IBM unveiled through an announcement opening the FHE toolkit (IBM Fully Homomorphic Encryption) with the implementation of a homomorphic encryption system complete to process data in encrypted form.

FHE It is characterized by allowing the creation of services for confidential computing in which encrypted data is processed and does not appear in open form at any stage. FHE supports full homomorphic operations that allow you to add and multiply encrypted data (that is, you can implement any arbitrary calculation) and get an encrypted result in the output, which would be similar to encrypting the result of adding or multiplying the original data.

The FHE encryption can be considered as the next stage in the development of end-to-end encryption, In addition to protecting data transmission, data can be processed without decryption.

For IBM Z customers today, data can already be encrypted at rest and in flight with pervasive encryption. Customers can also protect data with data privacy passports on IBM Z, a consolidated data-centric protection and auditing (DCAP) technology * for eligible data that has the ability to protect data throughout its journey through of your company by establishing appropriate data protection controls. 

However, we have never been able to keep data protected and processed simultaneously, a concept known as FHE.

About

The project has been developing since 2009, but only now has it been possible to achieve acceptable performance indicators that allow its use in practice.

It is observed that FHE makes available to all homomorphic calculationsWith the help of FHE, ordinary corporate programmers will be able to do the same job in a minute that previously required hours and days with the participation of experts with a scientific degree.

Among other developments in the field of confidential computing, you can see the publication of the OpenDP project with the implementation of differential privacy methods, which allow to perform statistical operations on a data set with sufficiently high precision without the possibility of identifying individual records in it.

The project is being jointly developed by researchers from Microsoft and Harvard University. The implementation is written in Rust and Python and is licensed under the MIT license.

Use cases

From a practical point of view, the framework can be useful for organizing cloud computing confidential, andn electronic voting systems, in anonymous routing protocols, for encrypted request processing in a DBMS, for confidential training of machine learning systems.

Experienced Docker developers can easily port this toolkit to their preferred distribution. The journey to mainstream FHE begins with these baseline implementations, but we anticipate that it will evolve with community involvement.

Today's announcement takes our commitment to Linux and security one step further to add in-use data security capabilities.
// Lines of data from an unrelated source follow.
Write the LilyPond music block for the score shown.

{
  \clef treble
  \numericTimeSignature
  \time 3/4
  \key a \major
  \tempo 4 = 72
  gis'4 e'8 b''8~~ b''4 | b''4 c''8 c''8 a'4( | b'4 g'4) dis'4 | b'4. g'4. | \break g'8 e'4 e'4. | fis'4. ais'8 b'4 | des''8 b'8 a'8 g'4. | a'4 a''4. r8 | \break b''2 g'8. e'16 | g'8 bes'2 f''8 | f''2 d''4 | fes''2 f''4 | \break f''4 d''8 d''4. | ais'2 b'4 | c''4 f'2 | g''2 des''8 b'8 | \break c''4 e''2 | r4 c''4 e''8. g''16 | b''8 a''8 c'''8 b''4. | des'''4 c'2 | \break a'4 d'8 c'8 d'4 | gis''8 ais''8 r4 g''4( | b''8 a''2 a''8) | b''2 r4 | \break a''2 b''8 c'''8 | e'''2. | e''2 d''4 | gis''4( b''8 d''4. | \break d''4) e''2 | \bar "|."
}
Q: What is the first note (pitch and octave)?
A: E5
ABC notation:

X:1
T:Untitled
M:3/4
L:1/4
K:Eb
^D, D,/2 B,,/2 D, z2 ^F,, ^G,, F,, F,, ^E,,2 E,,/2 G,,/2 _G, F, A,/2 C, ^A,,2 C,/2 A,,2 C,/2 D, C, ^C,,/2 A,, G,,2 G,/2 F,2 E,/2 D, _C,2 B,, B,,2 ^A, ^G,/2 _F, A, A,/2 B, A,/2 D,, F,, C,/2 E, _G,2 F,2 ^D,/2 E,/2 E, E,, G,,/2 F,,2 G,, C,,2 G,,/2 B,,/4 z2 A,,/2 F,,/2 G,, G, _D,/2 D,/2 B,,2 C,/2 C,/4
As an example of use by FHE, the organization of the analysis of information on patients from medical institutions is mentioned at insurance companies without the insurance company gaining access to information that can identify specific patients.

He also mentions the development of machine learning systems to detect fraudulent credit card transactions based on the processing of encrypted anonymous financial transactions.

The Toolkit includes HElib library with implementation of various encryption schemes homomorphic, an integrated development environment (I work through a browser) and a set of examples.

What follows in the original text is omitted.